**Short web captions:**
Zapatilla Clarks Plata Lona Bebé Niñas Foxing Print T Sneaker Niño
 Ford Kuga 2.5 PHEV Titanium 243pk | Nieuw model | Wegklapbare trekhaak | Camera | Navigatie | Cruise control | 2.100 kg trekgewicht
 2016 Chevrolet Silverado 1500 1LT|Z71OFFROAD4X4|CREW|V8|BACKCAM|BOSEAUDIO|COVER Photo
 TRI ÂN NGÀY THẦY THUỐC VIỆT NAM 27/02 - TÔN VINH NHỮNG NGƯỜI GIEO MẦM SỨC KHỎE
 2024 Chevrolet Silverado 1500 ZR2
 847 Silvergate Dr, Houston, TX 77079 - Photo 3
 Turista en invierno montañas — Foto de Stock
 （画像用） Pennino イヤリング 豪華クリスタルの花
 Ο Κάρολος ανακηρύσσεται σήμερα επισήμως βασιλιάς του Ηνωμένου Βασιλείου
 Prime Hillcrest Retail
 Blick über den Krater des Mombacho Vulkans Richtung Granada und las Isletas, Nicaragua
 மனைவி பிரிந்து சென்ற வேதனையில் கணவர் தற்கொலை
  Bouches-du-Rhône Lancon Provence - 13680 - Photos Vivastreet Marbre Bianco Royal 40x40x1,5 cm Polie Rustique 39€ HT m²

**Description of the task:** Within the data above, pick out all lines holding the word "Silverado".

**Answer below:**
 2016 Chevrolet Silverado 1500 1LT|Z71OFFROAD4X4|CREW|V8|BACKCAM|BOSEAUDIO|COVER Photo
 2024 Chevrolet Silverado 1500 ZR2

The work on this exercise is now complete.